Technique tip: This gravy can be made up to five days before you plan to serve it. Store it in the fridge in an airtight container.
Swap option: You can substitute red wine and 1 tablespoon honey for the port.
- 6 tablespoons unsalted butter
- 2 tablespoons olive oil
- 1/2 cup flour
- Salt and freshly ground black pepper
- 1/3 cup ruby or other inexpensive port wine
- 4 to 5 cups rich turkey or chicken stock, warmed
- Turkey drippings (optional)
1. Melt butter with the oil in a medium saucepan over medium heat. Sprinkle the flour into the butter, stirring constantly, and cook until flour is golden brown, about 5 minutes. Adjust heat so mixture does not burn. Sprinkle in a pinch each salt and pepper.

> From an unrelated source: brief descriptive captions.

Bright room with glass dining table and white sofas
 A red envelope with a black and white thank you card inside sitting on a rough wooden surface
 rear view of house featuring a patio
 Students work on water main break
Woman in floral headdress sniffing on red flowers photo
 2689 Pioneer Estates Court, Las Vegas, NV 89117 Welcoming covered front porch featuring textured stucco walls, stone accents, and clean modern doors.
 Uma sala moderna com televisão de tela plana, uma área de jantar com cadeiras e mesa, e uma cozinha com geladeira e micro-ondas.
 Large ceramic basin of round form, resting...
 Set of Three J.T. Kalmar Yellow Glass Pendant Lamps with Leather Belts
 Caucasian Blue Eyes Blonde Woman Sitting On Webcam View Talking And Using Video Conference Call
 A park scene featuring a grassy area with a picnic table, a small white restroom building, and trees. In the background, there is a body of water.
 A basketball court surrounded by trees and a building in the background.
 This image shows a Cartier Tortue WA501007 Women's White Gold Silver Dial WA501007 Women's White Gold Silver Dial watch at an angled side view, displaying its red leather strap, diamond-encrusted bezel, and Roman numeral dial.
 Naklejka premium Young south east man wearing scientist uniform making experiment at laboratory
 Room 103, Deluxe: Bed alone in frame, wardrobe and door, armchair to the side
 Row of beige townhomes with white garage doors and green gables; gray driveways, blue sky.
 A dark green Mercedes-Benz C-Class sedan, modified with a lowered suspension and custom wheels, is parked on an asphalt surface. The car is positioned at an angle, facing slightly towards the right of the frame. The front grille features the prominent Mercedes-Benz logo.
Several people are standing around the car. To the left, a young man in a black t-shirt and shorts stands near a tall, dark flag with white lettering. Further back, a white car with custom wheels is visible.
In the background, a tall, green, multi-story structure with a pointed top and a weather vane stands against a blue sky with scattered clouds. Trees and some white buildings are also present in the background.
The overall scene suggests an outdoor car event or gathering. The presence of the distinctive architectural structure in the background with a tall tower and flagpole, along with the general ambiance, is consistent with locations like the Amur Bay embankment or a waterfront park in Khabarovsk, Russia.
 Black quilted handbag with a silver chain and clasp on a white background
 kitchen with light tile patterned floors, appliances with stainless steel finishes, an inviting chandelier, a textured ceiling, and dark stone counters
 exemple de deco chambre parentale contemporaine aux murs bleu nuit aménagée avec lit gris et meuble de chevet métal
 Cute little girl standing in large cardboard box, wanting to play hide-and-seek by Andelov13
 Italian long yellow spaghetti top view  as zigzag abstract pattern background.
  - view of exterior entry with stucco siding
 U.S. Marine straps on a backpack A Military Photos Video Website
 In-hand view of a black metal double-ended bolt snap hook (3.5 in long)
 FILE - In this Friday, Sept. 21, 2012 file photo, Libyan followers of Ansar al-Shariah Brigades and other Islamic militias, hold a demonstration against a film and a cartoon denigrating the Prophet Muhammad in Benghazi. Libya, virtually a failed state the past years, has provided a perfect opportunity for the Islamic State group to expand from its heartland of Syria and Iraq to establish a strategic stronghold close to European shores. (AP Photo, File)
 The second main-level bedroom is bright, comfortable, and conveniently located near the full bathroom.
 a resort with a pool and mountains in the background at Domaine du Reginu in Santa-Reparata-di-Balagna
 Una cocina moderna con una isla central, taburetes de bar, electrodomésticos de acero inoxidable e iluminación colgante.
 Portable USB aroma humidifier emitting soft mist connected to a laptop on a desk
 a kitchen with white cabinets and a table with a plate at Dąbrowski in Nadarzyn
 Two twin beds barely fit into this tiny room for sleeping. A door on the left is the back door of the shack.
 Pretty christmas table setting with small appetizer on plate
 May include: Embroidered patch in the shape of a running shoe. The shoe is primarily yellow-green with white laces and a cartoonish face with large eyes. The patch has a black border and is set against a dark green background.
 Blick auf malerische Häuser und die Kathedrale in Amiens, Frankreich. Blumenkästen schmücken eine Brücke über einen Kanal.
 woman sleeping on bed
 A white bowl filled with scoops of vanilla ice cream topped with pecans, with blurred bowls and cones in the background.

2. Whisk in the port wine and let simmer until it reduces by half, about 2-4 minutes. Gradually whisk in 4 cups stock until mixture thickens and is smooth. If it is too thick, add more stock. Cool, cover and chill.
3. When ready to serve, reheat mixture over low heat, stirring. Scrape bottom of turkey pan and add drippings to gravy if you like. Taste and adjust seasoning, then serve.